Os tempos mudam, e como mudam. Uma lei de 1999 determinou que é perfeitamente legal vender sexo. Mas é ilegal comprar sexo. Os homens que pagam por sexo com uma prostituta - e também cafetões e donos de bordéis - estão sujeitos a multas ou a penas de até seis meses de prisão, além da humilhação decorrente da exposição pública.

É espantoso ver como idéias antigas se repetem com roupagem de novo. Quase meio século depois, leio no portal Terra que a terapeuta sexual Cheryl Cohen Greene já foi para a cama com cerca de 900 pacientes, tentando curar traumas e disfunções de homens e mulheres.

Em inglês, a profissão é denominada “surrogate partner”, que pode ser traduzida como “parceira substituta”. Em seu consultório, recebe pessoas com os mais variados tipos de bloqueios entre quatro paredes – de problemas comuns como ejaculação precoce aos difíceis de se acreditar, como o de um senhor de 70 anos que a procurou porque ainda era virgem.

Segundo Cheryl, as pessoas se assustam quando ela fala o número de pessoas que já passaram pelo seu consultório. “Fui chamada de muitos nomes. Mas vejo homens e mulheres com problemas e quero ajudá-los a se sentirem melhor sobre a sua sexualidade”.

Cheryl descobriu a técnica em 1973, justo na época em que provocava polêmicas na Suécia o livro de Ullerstam. Na época, seu trabalho era “ser mãe”, já que se casou pela primeira vez aos 19 anos e teve o primeiro filho aos 20. A naturalidade com as questões do corpo começaram dentro de casa. “Meus filhos eram pequenos quando eu comecei. Quando perguntavam o que eu fazia, eu dizia ‘eu vou ajudar as pessoas a se sentirem melhor sobre a sua sexualidade’. Sempre que faziam perguntas, à medida que iam crescendo, eu respondia com honestidade”, contou.

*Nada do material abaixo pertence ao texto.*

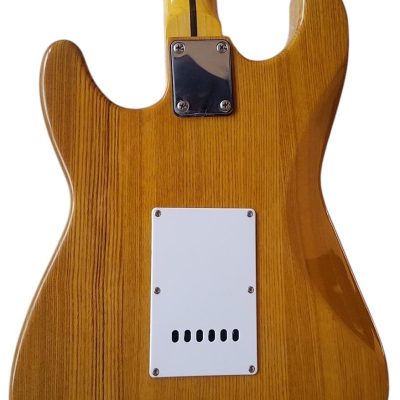 Custom Regent Natural Ash Wood Body Electric Guitar - Image 4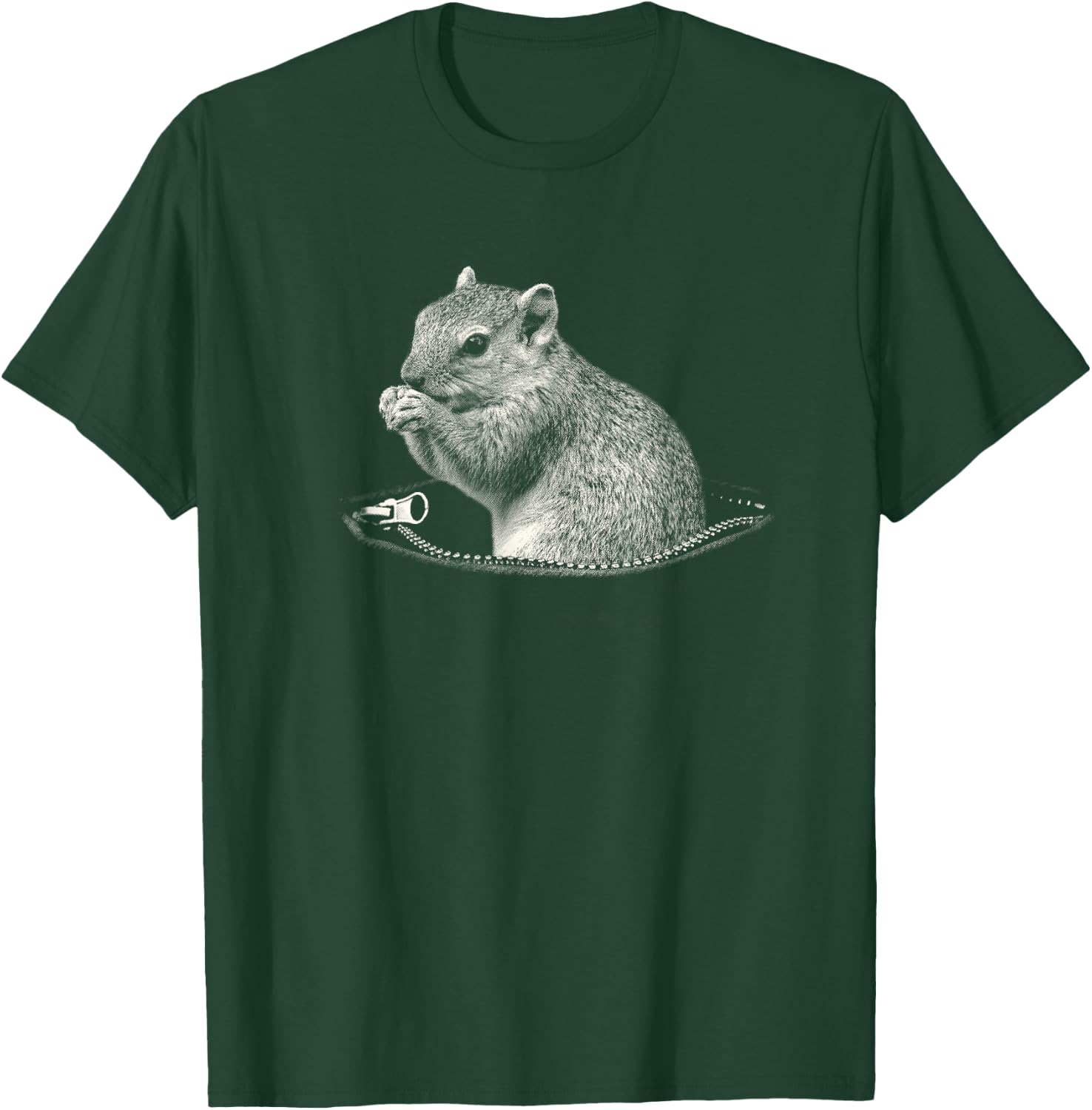 Squirrel in Pet Pouch T-Shirt - T-Shirt | Forest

De sua experiência, resultou o livro As Sessões, publicado este ano no Brasil pela editora BestSeller. A terapeuta tem hoje 68 anos e não tem o seio direito, devido a câncer de mama em 2006. Parafraseando Casanova: “agora que eu não posso mais trabalhar, sento e escrevo sobre meu trabalho”. A história foi adaptada para o cinema, com foco na história do seu cliente Mark O’Brien, vítima de poliomielite. Segundo ela, este foi o primeiro deficiente físico que se tratou com ela e o mais difícil caso que já enfrentou. “Tive que aprender como tocar o corpo dele”.

Ela contou que Mark pesava pouco mais de 30 kg e, no filme, nem conseguiram retratá-lo tão magro. As dificuldades incluíam desde o medo do próprio cliente até questões práticas, como o cuidado em não depositar muito peso em cima dele. “Foi difícil, mas aprendi a lidar e foi muito profundo”.

O livro tem boas chances, ao lado de tantos outros relatos de sexo, de entrar na lista dos mais vendidos, ainda mais tendo o filme como apoio. Talvez até inaugure um novo – e promissor? – gênero erótico, o sexo com aleijadinhos.

Tive não poucas sessões de terapia em minha juventude. Às profissionais daquela época nunca ocorreu se chamaram de terapeutas. Poderiam ter feito escola. Ocorre que atendiam por outro nome.